Qual é a misteriosa arma que a Rússia está testando no Ártico?
Cinco especialistas nucleares morreram durante um teste de um foguete após uma explosão, o que desencadeou o aumento dos níveis de radiação na região.
12 ago 2019
17h24
A explosão de um foguete em meio a um teste feito pela
Rússia no Ártico, que deixou cinco mortos, e os poucos esclarecimentos
dados por autoridades do país sobre o incidente fizeram o mundo se
questionar: o que Moscou está fazendo exatamente ali?
O incidente ocorreu na quinta-feira (08) em Sarov,
cidade a 373 km de Moscou, onde são fabricadas ogivas nucleares. Cinco
engenheiros nucleares russos morreram e outros três ficaram feridos.
A Rosatom, agência nuclear estatal russa, disse que os
especialistas testavam um motor movido a energia nuclear em uma
plataforma em alto-mar no Ártico. A explosão foi seguida por um pico de
radiação na região.
Sabe-se, por exemplo, que o país vem testando um míssil
nuclear, o Burevestnik, mas não é possível afirmar que este armamento
estava envolvido no incidente.
Especialistas em Rússia dizem que o teste provavelmente
estava ligado ao 9M730 Burevestnik, que significa "petrel", um tipo de
ave marinha. O presidente russo, Vladimir Putin, descreveu o míssil como
"invencível" ao discursar no Parlamento em março de 2018.
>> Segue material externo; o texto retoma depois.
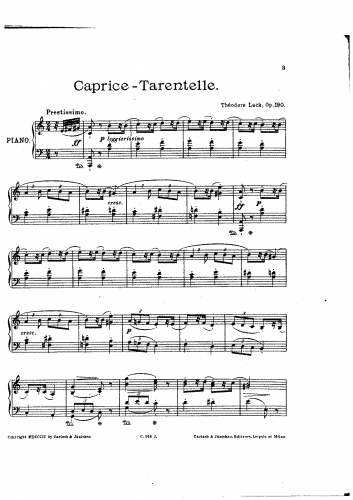 Lack - Caprice-Tarentelle, Op. 190 - Score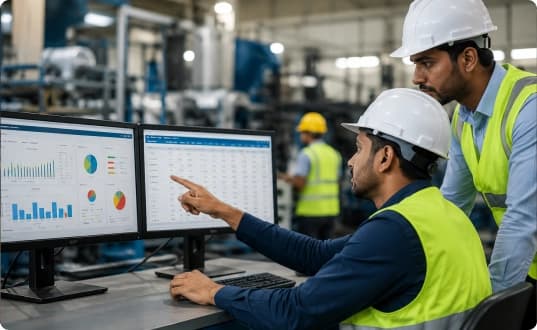 Reporting and production visibility dashboards monitored by a plant manager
Mark Galeotti, analista e pesquisador líder do Royal
United Services Institute (Rusi), um centro de estudos de defesa e
segurança do Reino Unido, diz que a propulsão nuclear envolve enormes
desafios técnicos.
"Há a questão da velocidade versus o peso do sistema e o
risco de um míssil que expele material radioativo por seu escapamento",
disse ele à BBC.
"Esses novos sistemas têm sua origem nos tempos soviéticos - eles foram retirados do mercado e receberam novos investimentos."
A propulsão nuclear do Burevestnik, segundo Putin, daria
ao míssil um alcance "ilimitado". Mas a explosão poderia ter envolvido
uma arma diferente, igualmente capaz de carregar uma ogiva nuclear.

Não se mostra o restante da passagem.